**What is needed**
Provide again, from the entries below, every line from the one containing "2024 Volkswagen Jetta" through the one containing "Flash Furniture Flash", exactly as written, and no other line.

━━━━━ Records supplied ━━━━━

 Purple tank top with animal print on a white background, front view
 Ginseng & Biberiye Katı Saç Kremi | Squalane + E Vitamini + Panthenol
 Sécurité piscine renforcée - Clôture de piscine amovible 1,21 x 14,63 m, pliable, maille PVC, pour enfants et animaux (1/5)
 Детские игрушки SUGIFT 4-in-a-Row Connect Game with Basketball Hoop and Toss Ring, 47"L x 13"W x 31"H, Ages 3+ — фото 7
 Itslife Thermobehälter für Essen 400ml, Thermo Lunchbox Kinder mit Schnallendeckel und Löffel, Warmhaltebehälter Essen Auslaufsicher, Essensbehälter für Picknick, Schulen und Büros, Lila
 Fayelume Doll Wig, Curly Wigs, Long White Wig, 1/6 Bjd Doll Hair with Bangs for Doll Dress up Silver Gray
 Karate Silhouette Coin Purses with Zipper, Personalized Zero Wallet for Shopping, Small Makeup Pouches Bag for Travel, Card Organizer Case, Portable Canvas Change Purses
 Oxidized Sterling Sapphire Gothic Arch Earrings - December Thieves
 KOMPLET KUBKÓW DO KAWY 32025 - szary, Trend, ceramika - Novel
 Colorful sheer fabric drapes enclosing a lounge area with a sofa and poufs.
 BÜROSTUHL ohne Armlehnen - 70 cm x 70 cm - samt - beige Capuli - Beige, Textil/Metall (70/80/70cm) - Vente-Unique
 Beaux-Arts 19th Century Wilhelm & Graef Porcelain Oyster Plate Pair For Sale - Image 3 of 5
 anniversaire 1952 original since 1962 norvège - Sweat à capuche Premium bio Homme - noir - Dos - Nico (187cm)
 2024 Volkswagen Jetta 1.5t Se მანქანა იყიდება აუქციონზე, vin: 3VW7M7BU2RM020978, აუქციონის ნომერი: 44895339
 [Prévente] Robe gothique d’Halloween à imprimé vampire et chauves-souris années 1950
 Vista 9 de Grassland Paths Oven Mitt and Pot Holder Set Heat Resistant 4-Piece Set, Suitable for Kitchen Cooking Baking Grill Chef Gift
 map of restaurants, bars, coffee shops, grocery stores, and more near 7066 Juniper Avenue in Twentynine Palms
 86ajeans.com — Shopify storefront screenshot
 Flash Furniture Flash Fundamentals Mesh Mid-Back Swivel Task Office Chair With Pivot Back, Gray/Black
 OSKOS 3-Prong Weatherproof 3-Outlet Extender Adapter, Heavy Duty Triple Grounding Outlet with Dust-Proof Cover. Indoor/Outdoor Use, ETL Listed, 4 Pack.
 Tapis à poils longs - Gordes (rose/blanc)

━━━━━

**Response below**
 2024 Volkswagen Jetta 1.5t Se მანქანა იყიდება აუქციონზე, vin: 3VW7M7BU2RM020978, აუქციონის ნომერი: 44895339
 [Prévente] Robe gothique d’Halloween à imprimé vampire et chauves-souris années 1950
 Vista 9 de Grassland Paths Oven Mitt and Pot Holder Set Heat Resistant 4-Piece Set, Suitable for Kitchen Cooking Baking Grill Chef Gift
 map of restaurants, bars, coffee shops, grocery stores, and more near 7066 Juniper Avenue in Twentynine Palms
 86ajeans.com — Shopify storefront screenshot
 Flash Furniture Flash Fundamentals Mesh Mid-Back Swivel Task Office Chair With Pivot Back, Gray/Black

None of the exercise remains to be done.